- **Stored data**:

________

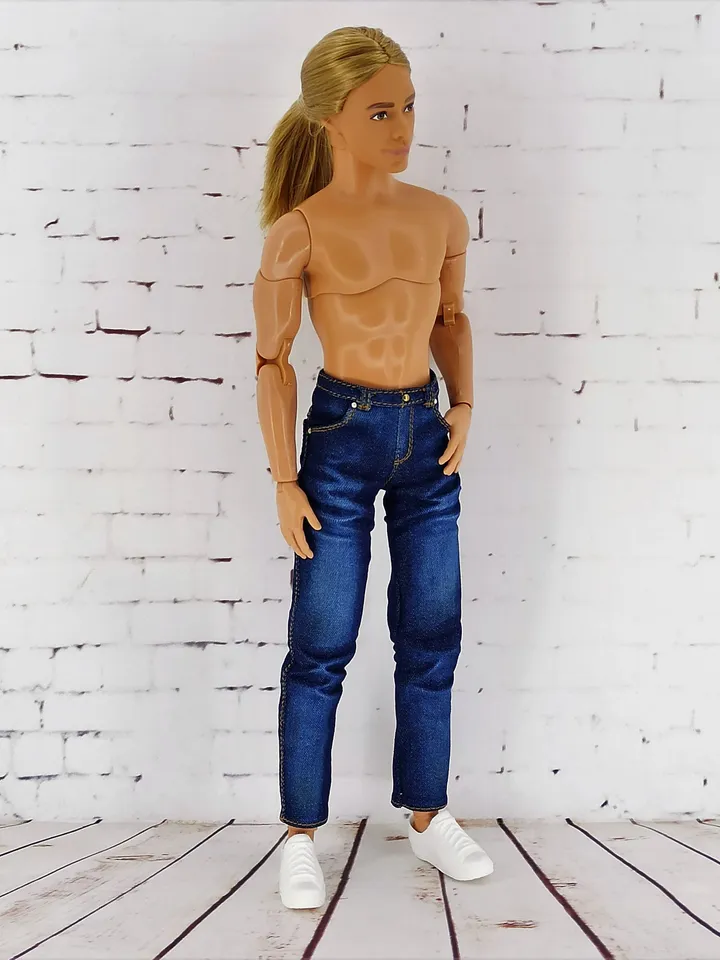Dark blue jeans for Ken doll and other similar dolls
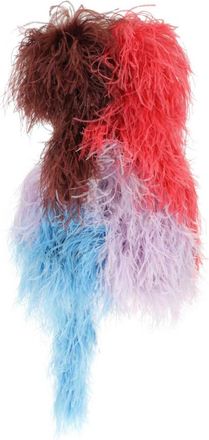 The Attico Embellished jersey Keri mini dress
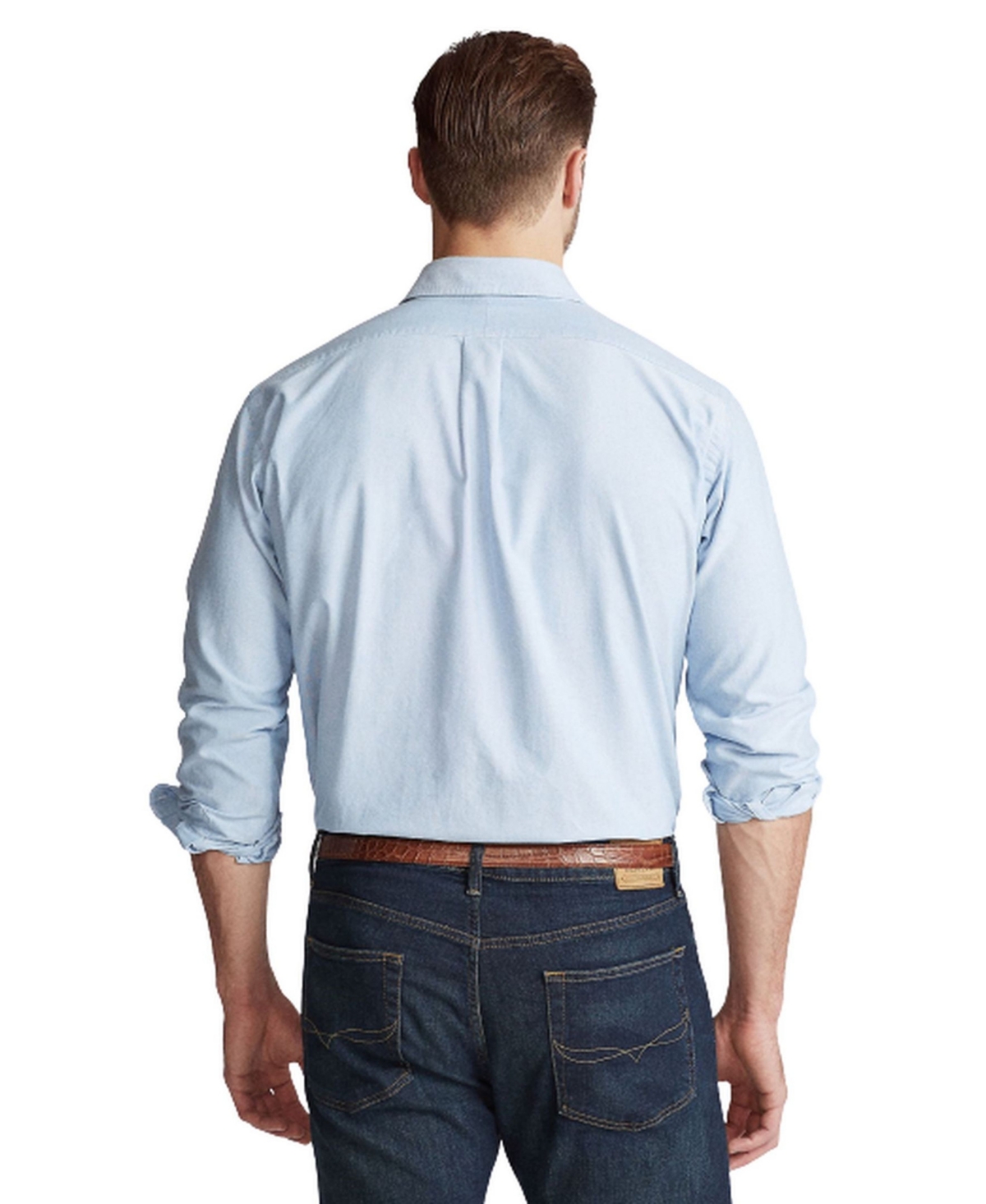 Polo Ralph Lauren Men's Big & Tall Classic Fit Long-Sleeve Oxford Shirt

________

- **Assignment**:
Go through the lines above and write each one out verbatim, skipping the pictures.

- **Expected output**:
Dark blue jeans for Ken doll and other similar dolls
 The Attico Embellished jersey Keri mini dress
 Polo Ralph Lauren Men's Big & Tall Classic Fit Long-Sleeve Oxford Shirt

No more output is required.